UNF associate English professor Micheal Wiley’s novel “The Bad Kitty Lounge” offers up a hard-boiled detective thriller with equal parts action, mystery and comedy. ‘Kitty’ is the second in a burgeoning series which follows detective Joe Kozmarski through the Chicago streets.

While working a divorce case and spying on his client’s wife and wife’s lover, Kozmarski witnesses a man set fire to his mark’s car. He investigates the misdemeanor and soon uncovers a larger plot that ties together rich urban developers, 1960s race relations and a murdered “Virginity Nun” with a suggestive tattoo and a shady past.

Kozmarski is all the things that a detective noir hero need be: terse, reserved, divorced and alcoholic (though he’s recovering). As narrator, however, he presents himself in a light of which the other characters may only see glints. He is also a family man who takes care of his 11-year-old distant cousin Jason.

There’s a dark humor that pervades the novel as Wiley juxtaposes Kozmarki’s complex feelings with a brusque, business-like exterior. In its main character, the novel investigates the tensions between passion and obligation with no whole-hearted endorsement for either.

Wiley’s interest in cultural contact zones becomes very apparent in the interactions between the various ethnicities which inhabit the book. He takes Chicago’s real issues of gentrification, ghettoization and urban decay and translates them into a story that literally spans a week and figuratively spans the last century.

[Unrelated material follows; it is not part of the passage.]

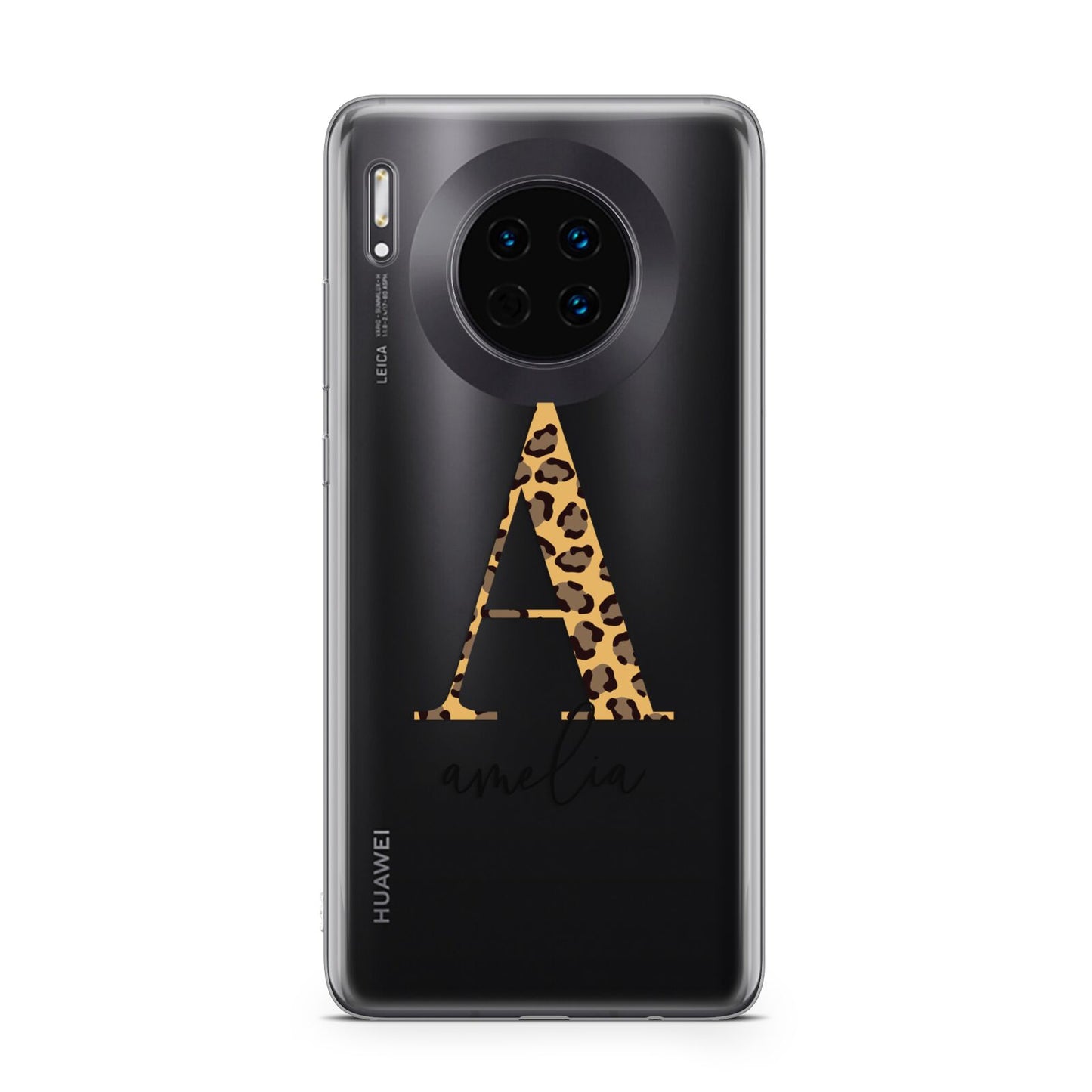 Leopard Print Initial with Name Huawei Mate 30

Through Kozmarski, ‘Kitty’ also typifies humanity’s search for knowledge and our simultaneous resistance to being known. Various powers within the story actually pay Joe to cease his investigation, yet he continues at the risk of his and his family’s lives.

As a man who finds things out about people for a living, Kozmarski ironically resists people knowing about him. He remarks to numerous characters, “I don’t think I like you knowing so much about me.”

The notion seems to be a comment on man’s quest for epistemological superiority – or maybe I’m reading too much into it. Read it for yourself.

My biggest gripe is that for all the danger Joe courted, I never felt an inkling of worry for him or his often imperiled family. Joe has a gun to his head on more than one occasion, but the ones holding the gun never seem to want to pull the trigger despite their supposed interest in doing so. As the plot unravels, it becomes partially clear why certain forces allow Joe to live, but his seeming impenetrability frustrated me as I read.

While ‘Kitty’ was not particularly moving or deep (and I don’t mean to imply that that is a necessary condition for “good literature”), it was an extremely entertaining page-turner of a thriller. The pace was great, and I constantly wanted to know what would happen next.

The novel, it seems, would fit equally on the shelves of pedants and casual readers alike. Wiley hopes to continue writing and intends to expand his two Kozmarski books into a 12-part series, where each novel takes place during one month of the year. Wiley is currently touring in support of ‘Kitty’ with stops in Nashville, Tenn., Chicago and Phoenix among other destinations.